On the backend, hosting/server side the hope was to containerize it which means rolling up all the dependencies etc in to a single slick install that you can add to your system with a few commands and update just as easily.
The host operating system that runs the relevant container will likely be linux to avoid supporting multiple OS platforms as that cross platform back end support has sapped a lot of energy that could otherwise move the GC platform forward.
That being said, the VirtualBox virtualization platform is free for non-commercial use and allows you to run a virtual instance of Linux on a windows or MacOS based PC and then within that you can run the container. If you’re not familiar with virtualization, think of it as an entire virtual PC (BIOS, hard drive, video, network, USB, everything) running as an application inside your main PC.
It sounds complex but it is possible to make snapshots of the virtual machine setup so that is only a few clicks and commands to download and install and the virtual machine image and embedded within it (and update-able from within the virtual machine after that) can be a working WGC instance.
The end result is you would click to launch the VM, adjust a few settings for your host hardware if necessary, and it could auto-start WGC inside of that and you’re off to the races. It’s actually more complex to explain than it is to use but the end result is you would be able to be a windows or MacOS user and host WGC using the virtual machine w/container model.

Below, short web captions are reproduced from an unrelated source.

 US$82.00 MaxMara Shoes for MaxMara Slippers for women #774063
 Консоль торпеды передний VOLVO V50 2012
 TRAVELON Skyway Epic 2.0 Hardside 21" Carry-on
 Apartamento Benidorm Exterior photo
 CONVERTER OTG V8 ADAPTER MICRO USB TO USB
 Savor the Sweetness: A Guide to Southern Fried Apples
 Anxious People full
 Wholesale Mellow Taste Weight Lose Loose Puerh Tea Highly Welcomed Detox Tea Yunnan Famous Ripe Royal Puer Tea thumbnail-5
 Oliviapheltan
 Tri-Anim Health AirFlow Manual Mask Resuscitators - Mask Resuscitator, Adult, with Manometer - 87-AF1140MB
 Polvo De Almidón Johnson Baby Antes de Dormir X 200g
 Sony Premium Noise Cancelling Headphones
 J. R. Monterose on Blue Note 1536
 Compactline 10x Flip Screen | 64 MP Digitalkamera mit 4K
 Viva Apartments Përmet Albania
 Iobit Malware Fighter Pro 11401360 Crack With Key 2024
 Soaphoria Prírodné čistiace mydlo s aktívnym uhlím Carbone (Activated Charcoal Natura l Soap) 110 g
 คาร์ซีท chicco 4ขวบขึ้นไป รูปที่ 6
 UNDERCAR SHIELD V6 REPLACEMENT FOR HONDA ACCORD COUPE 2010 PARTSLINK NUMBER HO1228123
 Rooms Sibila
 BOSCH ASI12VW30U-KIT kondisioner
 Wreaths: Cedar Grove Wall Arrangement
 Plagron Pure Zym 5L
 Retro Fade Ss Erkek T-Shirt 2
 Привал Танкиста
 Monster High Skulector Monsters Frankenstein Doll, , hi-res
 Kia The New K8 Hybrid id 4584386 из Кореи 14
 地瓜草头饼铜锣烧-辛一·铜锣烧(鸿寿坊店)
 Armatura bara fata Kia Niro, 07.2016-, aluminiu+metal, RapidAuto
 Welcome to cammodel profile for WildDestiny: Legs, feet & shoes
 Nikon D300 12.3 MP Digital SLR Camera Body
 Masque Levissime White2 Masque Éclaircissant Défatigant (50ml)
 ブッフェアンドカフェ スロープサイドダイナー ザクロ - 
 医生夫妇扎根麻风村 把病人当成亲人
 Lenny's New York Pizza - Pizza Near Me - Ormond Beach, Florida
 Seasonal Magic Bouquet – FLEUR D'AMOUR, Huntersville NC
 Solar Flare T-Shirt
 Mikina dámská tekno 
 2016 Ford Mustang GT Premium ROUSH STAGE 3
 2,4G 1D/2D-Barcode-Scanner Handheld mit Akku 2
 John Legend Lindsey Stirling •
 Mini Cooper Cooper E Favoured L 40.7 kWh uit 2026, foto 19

Alternatively, for heavier users, I believe the desire is to target the RaspberryPi as a dedicated web server/host running the WGC container. This means you don’t need to leave your full spec PC on all the time and can use a $35 Pi over ethernet or wifi and leave it next to the Maslow all the time and access it from any device.
Hosting on a Pi also opens the door for extra monitoring via a camera (the Pi has an affordable HD camera option) and other GPIO controls perhaps, open to the imagination on how to embrace and extend from there. The nice thing about targeting a Pi is it is a fixed hardware environment so it removes a lot of the variability and “my setup is unique because…” complexity of supporting things. The virtual machines help a long way in abstracting it but it’s still a bit more work.